Problem/Motivation

Each image that loads on our site comes from the private:// scheme, stored on AWS S3 (we use s3fs).

Although all metadata come from the local database and/or cache (only the actual image content is downloaded from the remote S3 service), all images take several seconds to load (5s to 15s, sometimes more) and cause the DB and PHP processes to consume a lot of CPU.

Loading images should be quicker.

Steps to reproduce

Have a Drupal 10 site loading all its image assets from a non-standard filesystem, like S3.
Also, and this is mainly what makes the issue worse in our case: have all images in a single directory containing ~20000 pictures.

Proposed resolution

It turns out this is caused by the "hook_file_download" function implemented by IMCE, because every-time a file gets downloaded, it checks if the file is accessible, but the whole directory containing the file gets scanned in the process too.

In our particular case, that's causing roughly 20K queries to the database, each time a picture gets downloaded.

Here is the bit of code that causes that (\Drupal\imce\ImceFolder::checkItem):

  public function checkItem($name) {
    if (!$item = $this->getItem($name)) {
      if (!$this->scanned) {
        $this->scan();
        $item = $this->getItem($name);
      }
    }
    return $item;
  }

I'm not sure I understand why it's needed to scan the whole directory for checking a single item?

Could we not have something closer to what follows:

  public function checkItem($name) {
    if (!$item = $this->getItem($name)) {
      $this->loadItem($name);
      $item = $this->getItem($name);
    }
    return $item;
  }

But maybe I'm missing something.
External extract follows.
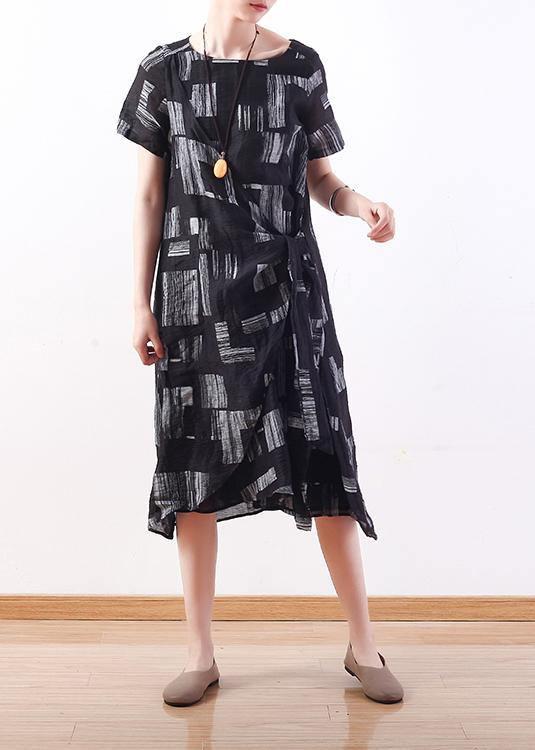 Style Tie Waist Linen Clothes Neckline Black Prints Dress Summer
Besides, applying such a change is not as trivial as one may think because currently "$this->scan()" relies on "ImceFM::scanDir()" which itself relies on "$this->getConf('scanner', 'Drupal\imce\Imce::scanDir');" for populating entries.

So function "$this->loadItem()" would ideally come from a new method "ImceFM::loadItem()" I guess and a similar conf key like above, or something along those lines...

What are your thoughts?

User interface changes

None.

API changes

None.

Data model changes

None I think, but I'm not sure :/

Comments

pacproduct created an issue. See original summary.

pacproduct’s picture

Issue summary: View changes

  • ufku committed b9d7200f on 3.x
    Issue #3443768: Check file file path access without folder scan
    
ufku’s picture

Version: 3.0.9 » 3.x-dev
Status: Active » Fixed

Committed a patch for checking file access without a folder scan.
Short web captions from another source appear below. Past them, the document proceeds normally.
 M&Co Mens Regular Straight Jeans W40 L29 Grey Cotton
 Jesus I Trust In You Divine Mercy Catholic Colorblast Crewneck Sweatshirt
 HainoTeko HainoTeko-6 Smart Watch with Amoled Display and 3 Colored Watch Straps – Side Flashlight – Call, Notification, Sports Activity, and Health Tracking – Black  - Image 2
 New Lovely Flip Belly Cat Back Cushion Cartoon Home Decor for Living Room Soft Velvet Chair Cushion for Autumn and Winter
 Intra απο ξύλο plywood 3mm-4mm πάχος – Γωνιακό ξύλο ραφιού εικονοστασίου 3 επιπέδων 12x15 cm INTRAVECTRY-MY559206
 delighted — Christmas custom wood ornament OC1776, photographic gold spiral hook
Please let us know if it helps with the performance.

pacproduct’s picture

Thank you @ufku for your fast reply. Your patch does 100% solve the issue we were having.
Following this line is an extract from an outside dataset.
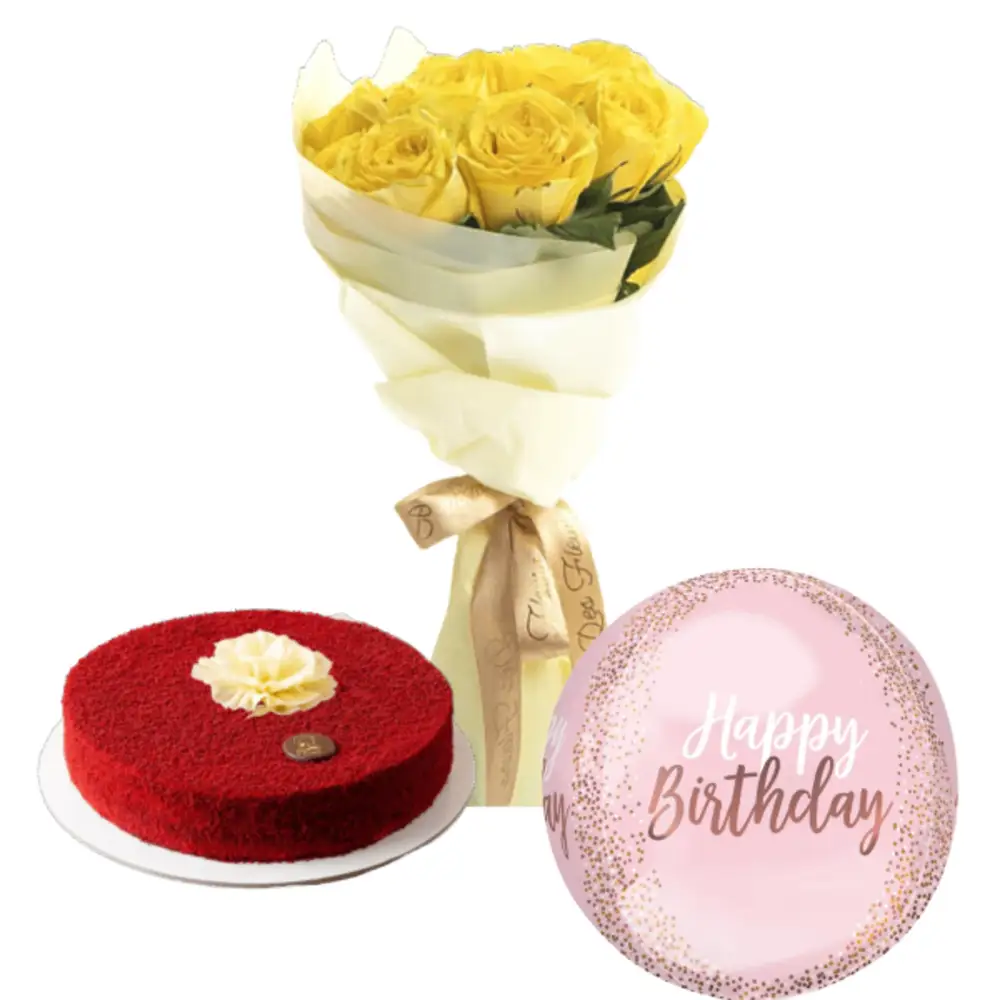 Birthday cake & flowers gift 1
We're still facing performance issues with the browser itself, but it's way less critical and it makes sense for it to scan the entire directory in that case, so I'll investigate and if I need more help (or have a patch to suggest) I'll open a separate issue.

Thanks again! :)
Cheers.

Status: Fixed » Closed (fixed)

Automatically closed - issue fixed for 2 weeks with no activity.